**Work to be completed**
Could you return every record below word for word, leaving out the pictures?

**Task material**
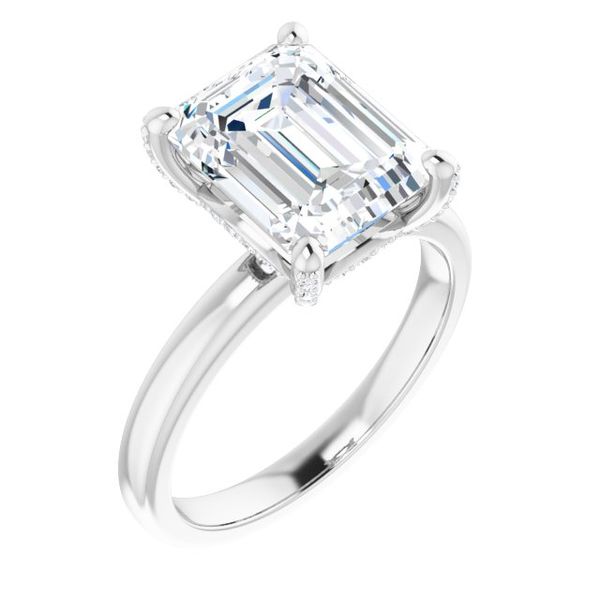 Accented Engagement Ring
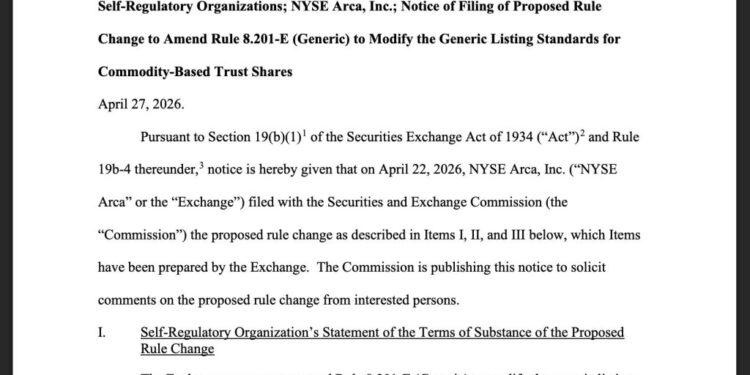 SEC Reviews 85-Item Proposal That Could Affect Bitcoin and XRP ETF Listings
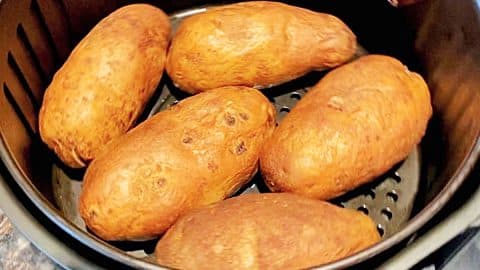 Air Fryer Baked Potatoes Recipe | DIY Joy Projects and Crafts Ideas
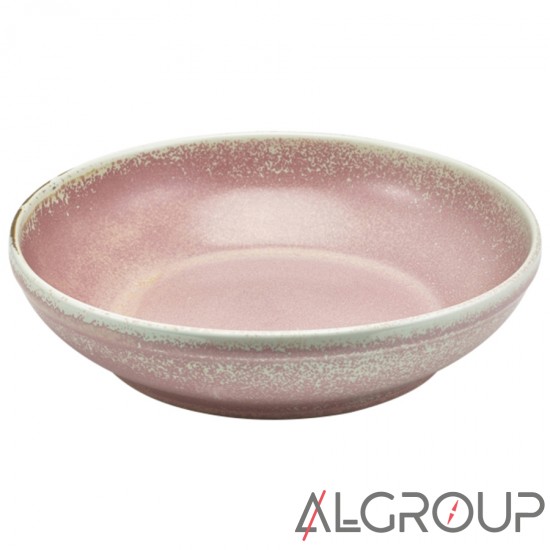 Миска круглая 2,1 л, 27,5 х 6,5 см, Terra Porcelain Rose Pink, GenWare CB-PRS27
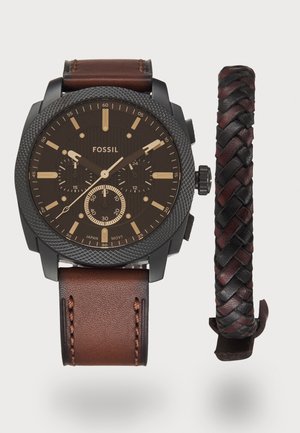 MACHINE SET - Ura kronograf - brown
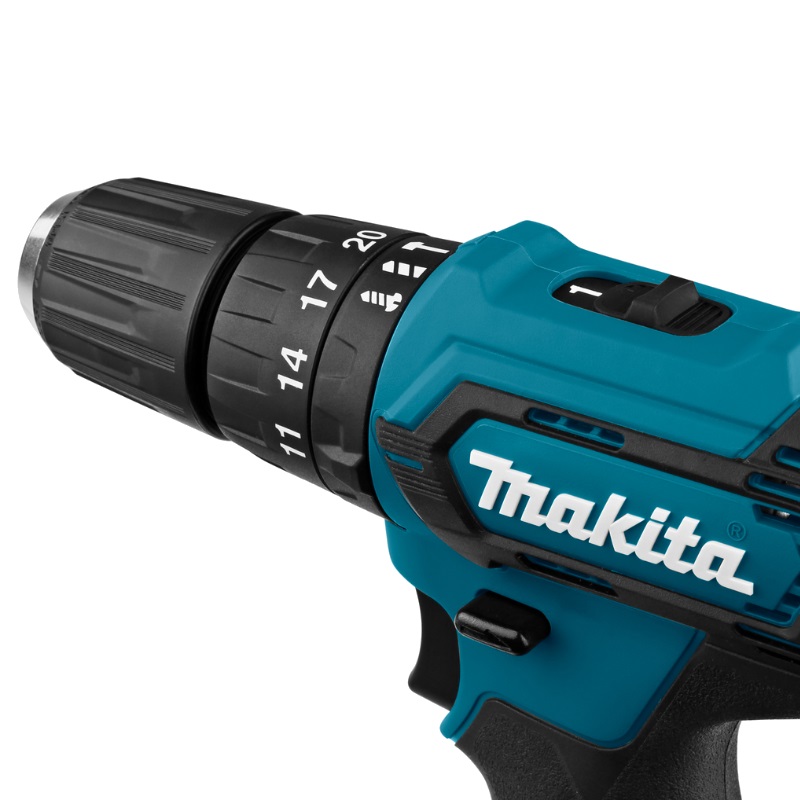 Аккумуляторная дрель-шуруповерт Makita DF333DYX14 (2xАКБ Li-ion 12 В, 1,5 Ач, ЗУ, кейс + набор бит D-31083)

**Answer box**
 Accented Engagement Ring
 SEC Reviews 85-Item Proposal That Could Affect Bitcoin and XRP ETF Listings
 Air Fryer Baked Potatoes Recipe | DIY Joy Projects and Crafts Ideas
 Миска круглая 2,1 л, 27,5 х 6,5 см, Terra Porcelain Rose Pink, GenWare CB-PRS27
 MACHINE SET - Ura kronograf - brown
 Аккумуляторная дрель-шуруповерт Makita DF333DYX14 (2xАКБ Li-ion 12 В, 1,5 Ач, ЗУ, кейс + набор бит D-31083)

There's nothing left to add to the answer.